SYMPATHY FOR THE DEVIL
Giancarlo Politi, Milan: Maurizio, I would’ve hoped that Mr. Franco De Benedetto — clumsy art revenger, nouveau exponent of today’s ku-klux-klan of cultural intolerance — when falling from the tree of your wonderful angels on Milan, would’ve smashed against the floor or even better against the forgotten Milanese Renaissance monument right under the tree. What better occasion could there be for an alcoholic in an exhibitionist mood to become a martyr of today’s art? History is full of saints in spite of themselves! In this moment of great religious and political emotion, with followers who shout and tear themselves to pieces, a saint in art would’ve fitted well. Imagine the crowd of frustrated artists, underfed critics, well-thinking citizens, and studied followers of the Lega party who would’ve joined — in the name of artistic and religious justice — the Milanese funeral, crying and sanctifying an alcoholic. It would’ve been the sign of our time and story. In short, we’ve lost part of the spectacle your work deserved, or maybe even foretold. Don’t you think?

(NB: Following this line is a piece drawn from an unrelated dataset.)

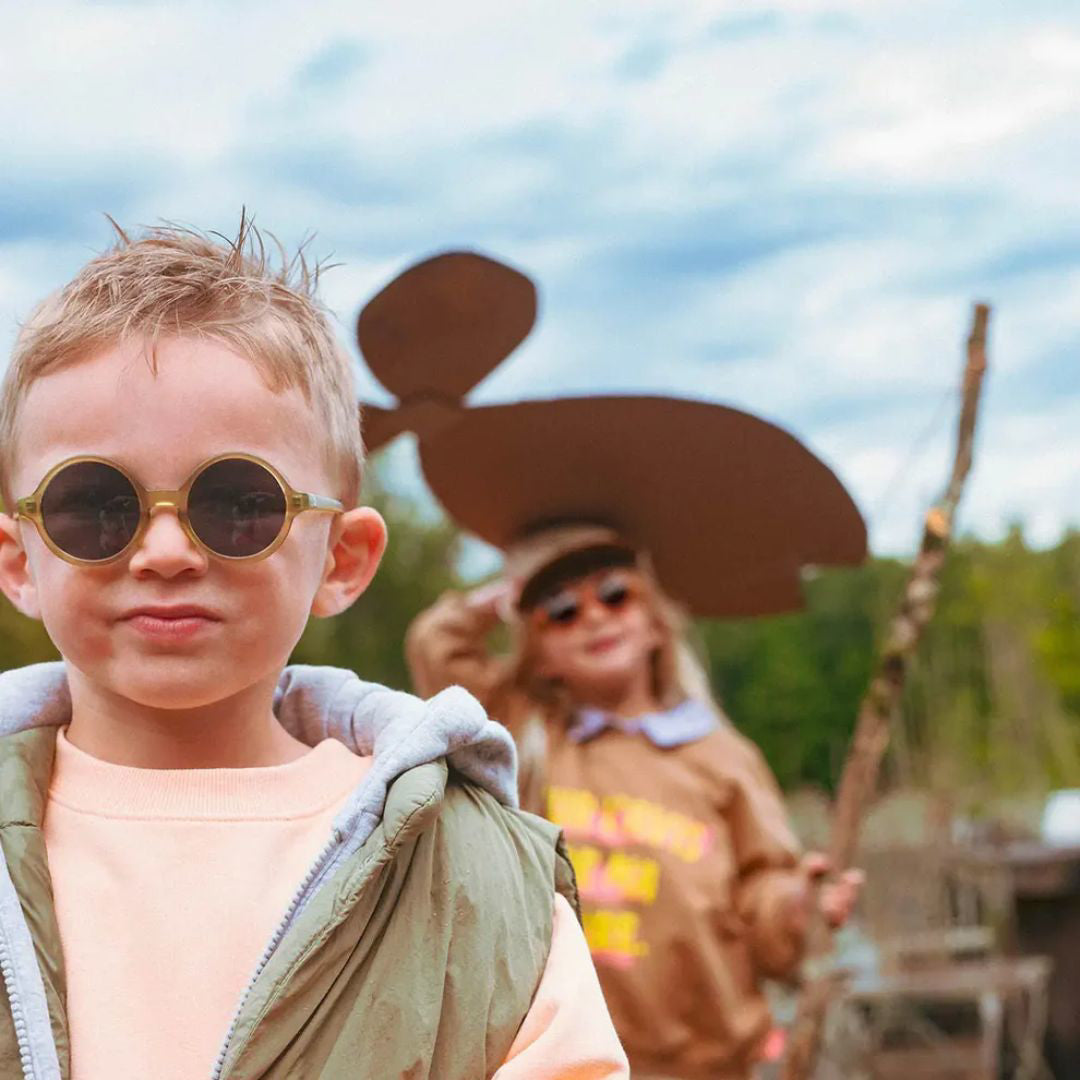 KiETLA® Otroška sončna očala WOAM Olive Ki ET LA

MC: I don’t like funerals at all, and at the moment the world is full of martyrs doing much more terrible things. Maybe it’s time to make less noise. The children on the tree were so silent, in spite of the traffic all around. Maybe it’s necessary to start from there. You obviously can’t chop your ear off every day, always be a hero, or an exhibitionist. I am an apostle of silence.
Saramicol Viscardi, Milan: Was the scandal of the installation in Piazza XXIV Maggio aiming to increase your fame as an enfant terrible?
MC: No, not at all. Actually, it was just a way to take a position and say something clear about what we are doing to our future. It was a crucifixion, maybe a ritual sacrifice. It wasn’t supposed to bring attention to me, but to the world out there.
David Spike, Miami: Were you expecting such a reaction?
MC: I was expecting discussions and debate. That it would become a political confrontation, probably not. But I think it was really interesting. Art has also this task. It has to become a catalyst for different opinions, a mirror of our paranoias. Mostly it surprised me that an artwork could open a confrontation on freedom of expression. We are living in a moment where rights are taken for granted and often forgotten. Occasionally it is useful to stop and discuss them.
Katharina Schreyer, Zurich: After what happened with the hung dummies/children, does Milan not respect or deserve you as an artist?
MC: I don’t believe in generalizations. In Milan there are people who hated the piece and people who would like to continue seeing it in Piazza XXIV Maggio. And then, before hanging the children, there were months and months of meetings, discussions and permissions; the Trussardi Foundation has been working on the project since January. And we met many people who still believe that art can tell us something about the world.
Louis Chang, Los Angeles: Your sculptures have been attacked on two separate occasions. How does it feel to be in such rarefied company, along with Malevich, Michelangelo, Mondrian, and Rembrandt?
MC: Wherever there’s art, there’s iconoclasm. Images are always victims of attacks, sometimes symbolic, other times physical. Personally I am affected by an acute form of iconofilia. If I don’t see at least a hundred images in a day, my face gets covered with blotches.
Angelo Errico, Italy: Is today’s society more emotionally mature than the one that cheered the guillotines in public squares?
MC: I don’t think much has changed. Once you watched executions in squares. Nowadays you watch them on TV.